For the past five years, it’s been clear that 2.5D, fan-outs and other forms of system-in-package were on the horizon. Exactly when they would arrive no one knew. The most common prediction was that the timing would depend on when one of the big chipmakers decided to go down that route. The theory was that the remainder of the industry would follow, ecosystem issues would be sorted out—particularly those involving accountability and known good die—and the rest would be history.
IBM and STMicroelectronics were the first out the door with their chips. While IBM was able to use this technology in its high-end servers, ST was never able to gain a solid footing for this approach due to cost. Instead, it opted to focus its efforts on FD-SOI, which takes a planar approach to solving the leakage current problem.
Much has changed in the past year, though. IBM (and now GlobalFoundries), AMD and now Intel are all firmly behind advanced packaging for performance reasons. OSATs such as Amkor and ASE have been working on packaging approaches for a half-dozen years or more that will lower the cost of putting together these advanced packages. Design services companies such as eSilicon and Open-Silicon are seeing business in 2.5D and advanced packaging steadily increasing. And major foundries now offer multiple options ranging from fan-outs to 2.5D stacks based upon silicon interposers.
It’s much the same with FPGA companies such as Xilinx and Altera (now part of Intel), both of which are building heterogeneous configurations based upon FGPAs and other processor cores.

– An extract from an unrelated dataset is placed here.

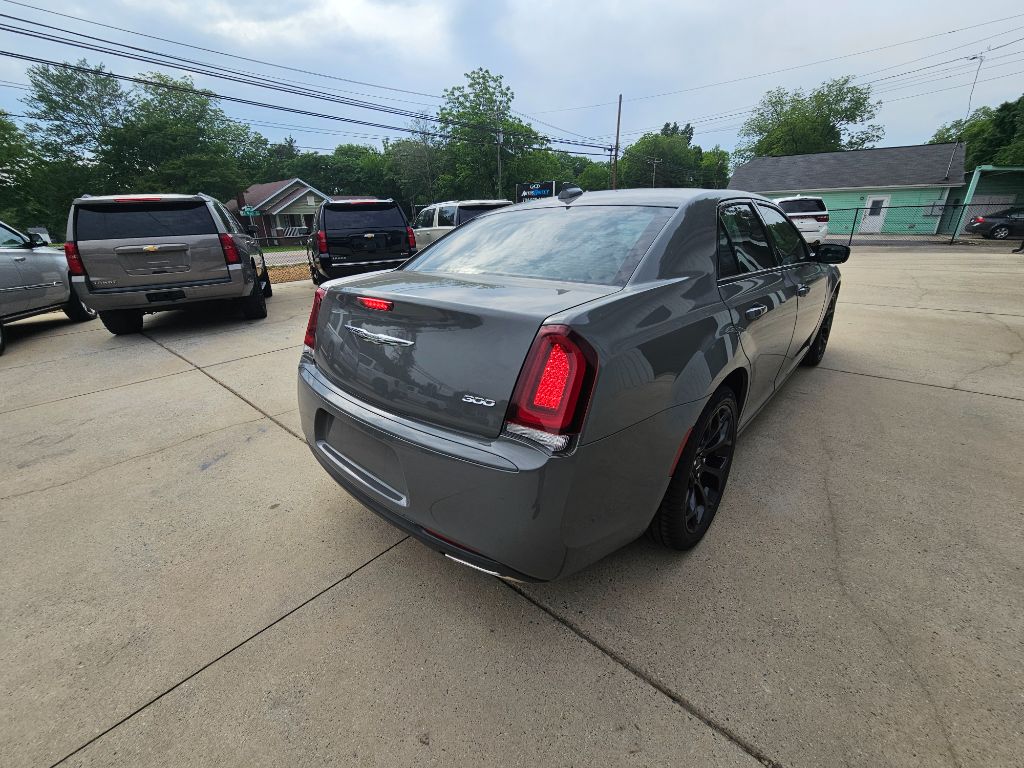2019 Chrysler 300 Touring photo 17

Xilinx’s Zynq platform includes both ARM and FPGA processors. And Marvell began rolling out its MoChi architecture last year that offers what CEO Sehat Sutardja calls an a la carte approach to chip design.
On top of that, all of the tier-one networking companies are adopting 2.5D architectures. Huawei was first out the door with a 2.5D solution from HiSilicon, but other first-tier networking chip companies are now lining up behind this technology, while the second-tier companies are waiting anxiously for the price to drop. Gaming platforms are now joining the party. And over the next several years, it’s likely that advanced packaging of some sort will infiltrate PCs and smartphones.

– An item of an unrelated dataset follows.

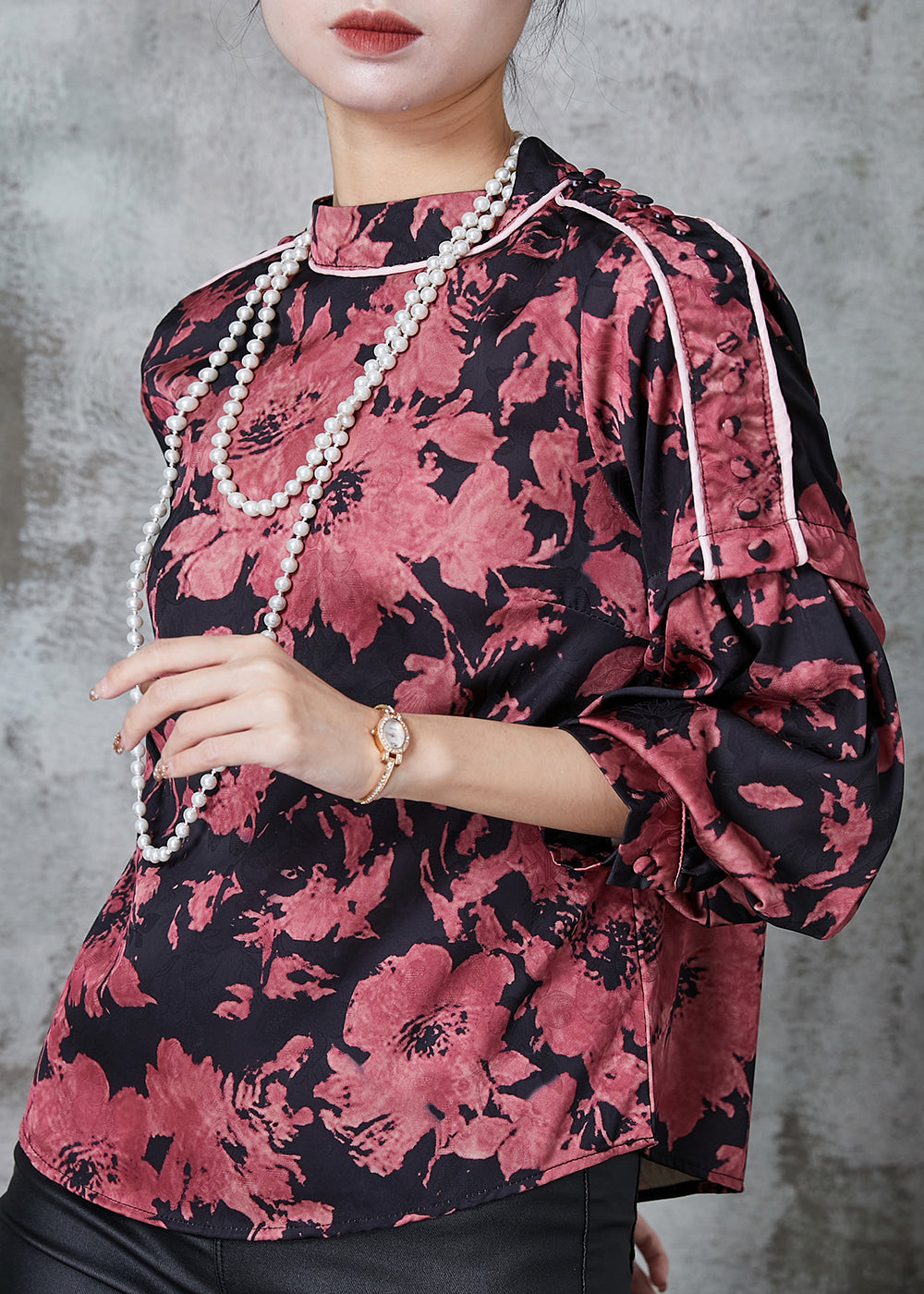 Classic Vintage Shirt with a Flattering Fit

As with most technology shifts in the semiconductor industry, there is much anticipation and discussion about when something new will happen, and then suddenly it happens and everyone adapts. Advanced packaging is a little more complicated than that, in part because there are so many possible options—think silicon photonics, for example—and in part because not everything is proven yet. Memory on logic using through-silicon vias remains a problem, even though it makes sense on paper, because there still is no effective way to remove the heat.
But as the semiconductor industry has shown repeatedly, once viable directions are chosen they will be vetted, tested, improved and commoditized. The difference this time is there will be many more directions possible because not everything has to be done on one chip, in one process technology, or even in one place.
This is hardly just one more business-as-usual shift, though. Moving from having everything on one chip to more things on multiple chips will have major repercussions on the supply chain. And the fact that this is all happening at the onset of the Internet of Everything adds another dimension, opening the doors to a flood of new startups that could never compete in a world dominated by large SoCs.
Packaging generally wasn’t something most engineers gave much thought to in the past. But how chips are put together has far-reaching effects that go well beyond just the technology. And now that most of the big players are on board, we’re about to find out just how far.